-- Work order --
What is needed is an exact copy of every line from the one with "Đánh Giá Công" to the end of the entries below, without the pictures.

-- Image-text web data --
Content starts
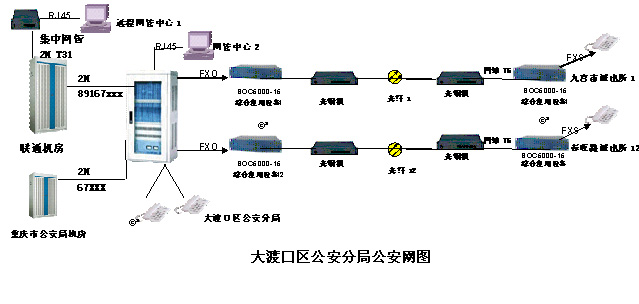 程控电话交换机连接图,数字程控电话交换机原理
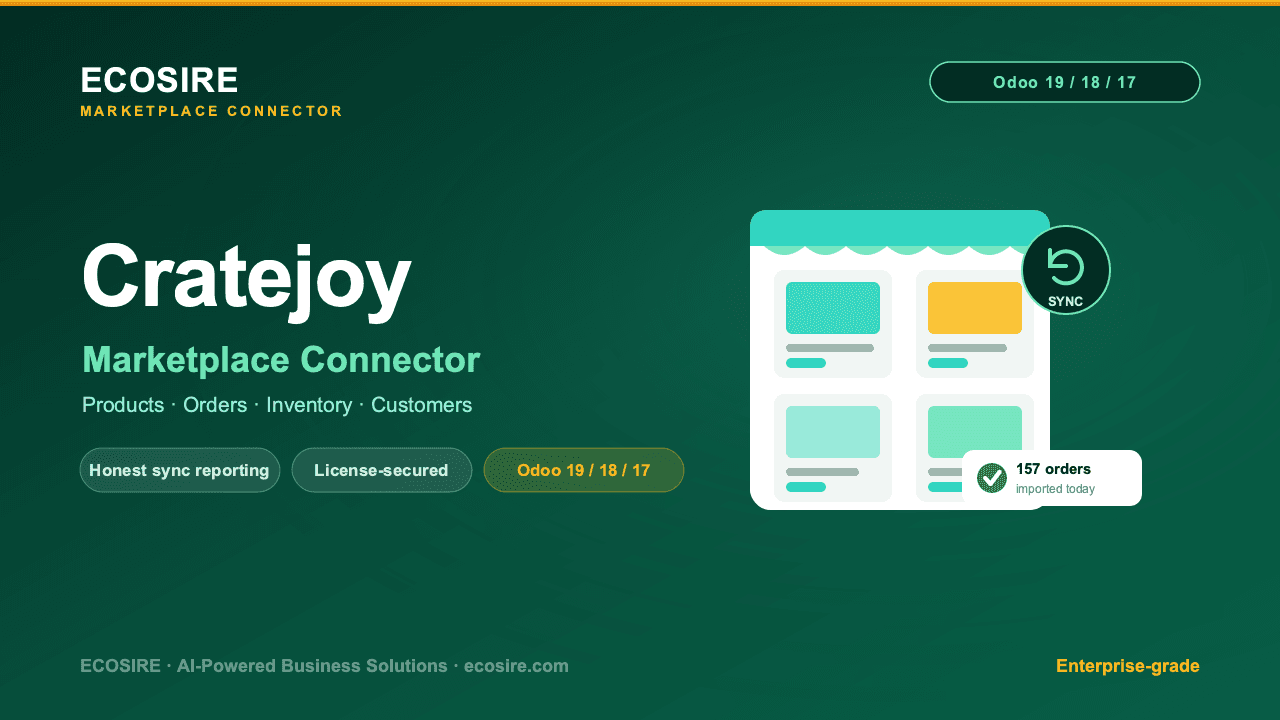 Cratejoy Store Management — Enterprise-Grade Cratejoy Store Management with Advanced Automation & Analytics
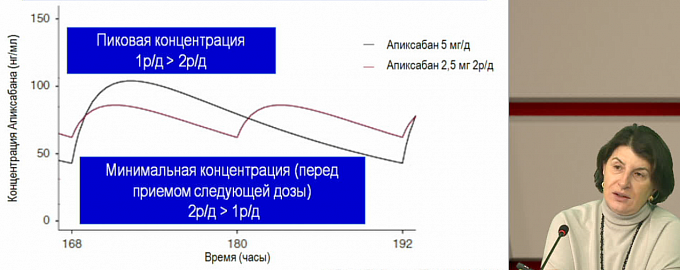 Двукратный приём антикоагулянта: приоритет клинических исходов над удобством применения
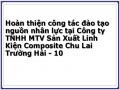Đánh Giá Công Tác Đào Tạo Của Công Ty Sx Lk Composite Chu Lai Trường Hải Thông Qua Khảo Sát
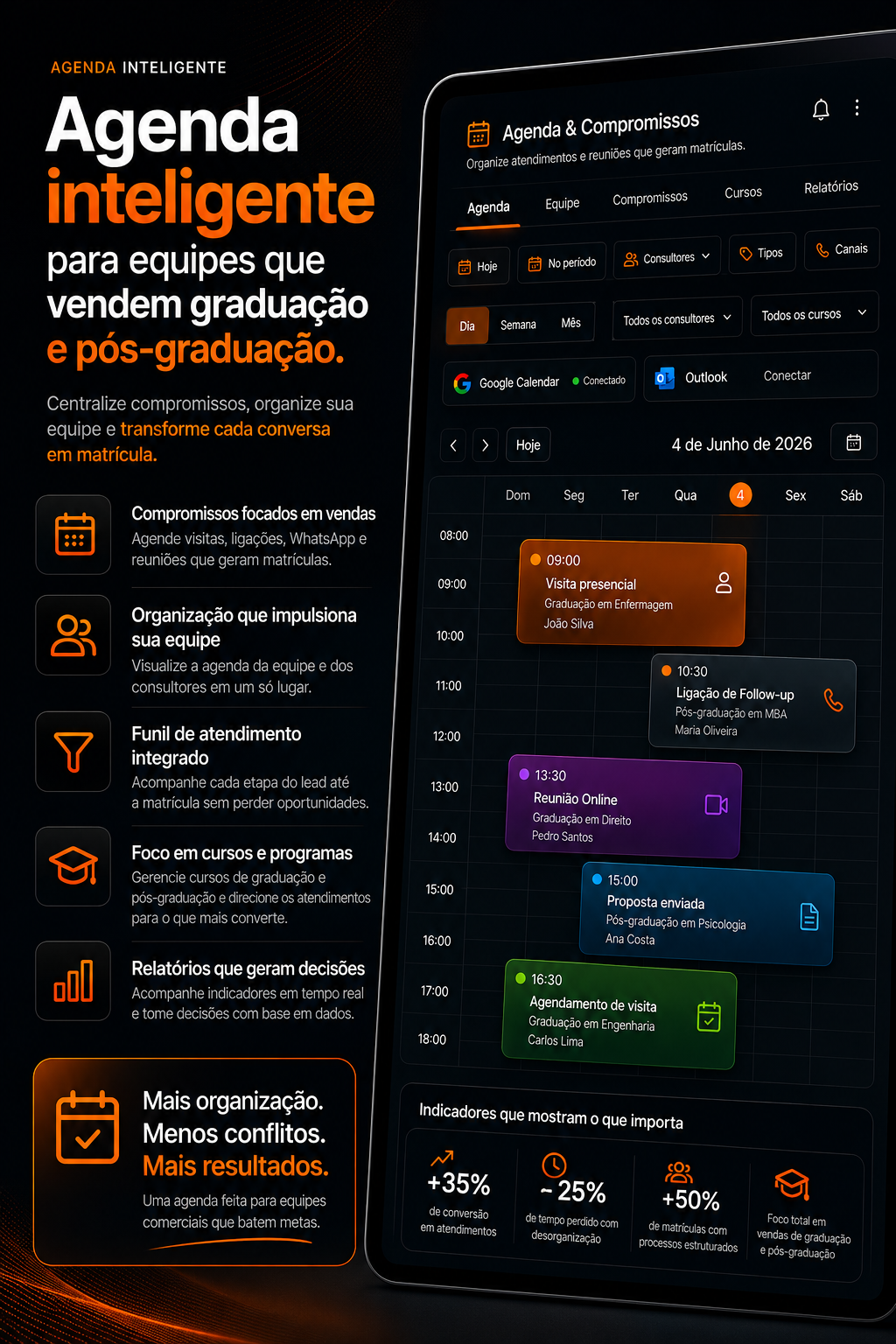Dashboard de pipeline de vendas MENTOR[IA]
Content ends
-- Response to this task --
Đánh Giá Công Tác Đào Tạo Của Công Ty Sx Lk Composite Chu Lai Trường Hải Thông Qua Khảo Sát
Dashboard de pipeline de vendas MENTOR[IA]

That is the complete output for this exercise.